Getting custom input splits from files that are not byte-aligned or line-aligned

Hi...

I use an application that processes text files containing data records
which are of variable size and not line-aligned.

The application implementation includes a Java library with a "reader"
object that can extract records one-by-one in a "pull" fashion, as strings,
i.e. for each such "reader" object the client code can call

reader.next()


and get an entire record as a String. So, proceeding in this fashion, the
client code can consume a file of arbitrarily long length, from start to
end, whereupon a null value is returned.

Another peculiarity is that the extracted record strings may lose some
secondary information (e.g., trim spaces), so exact byte alignment of the
records to the underlying data is not possible.

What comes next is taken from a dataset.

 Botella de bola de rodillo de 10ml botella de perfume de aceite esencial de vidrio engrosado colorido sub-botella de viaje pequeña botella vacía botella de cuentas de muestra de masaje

How could the above code be used to efficiently split compliant text files
of large size (ranging from hundreds of megabytes to several gigabytes and
terrabytes in size)?

The source code I have seen in FileInputFormat and numerous other
implementations is line or byte-aligned, so it is not applicable for the
above case.

It would actually be very useful if there was a template implementation
that left only the string record "reader" object unspecified and did
everything else, but apparently there is none.

Two alternatives that should work are:

   1. Split the files outside Hadoop (e.g., to sizes less than 64 MB) and
   supply them to HDFS afterwards, returning false in the isSplitable() method
   of the custom InputFormat.
   2. Read and write records into HDFS files in the getSplits[] method of
   the custom InputFormat and create one FileSplit reference for each of these
   HDFS files, once they are filled to the desired size.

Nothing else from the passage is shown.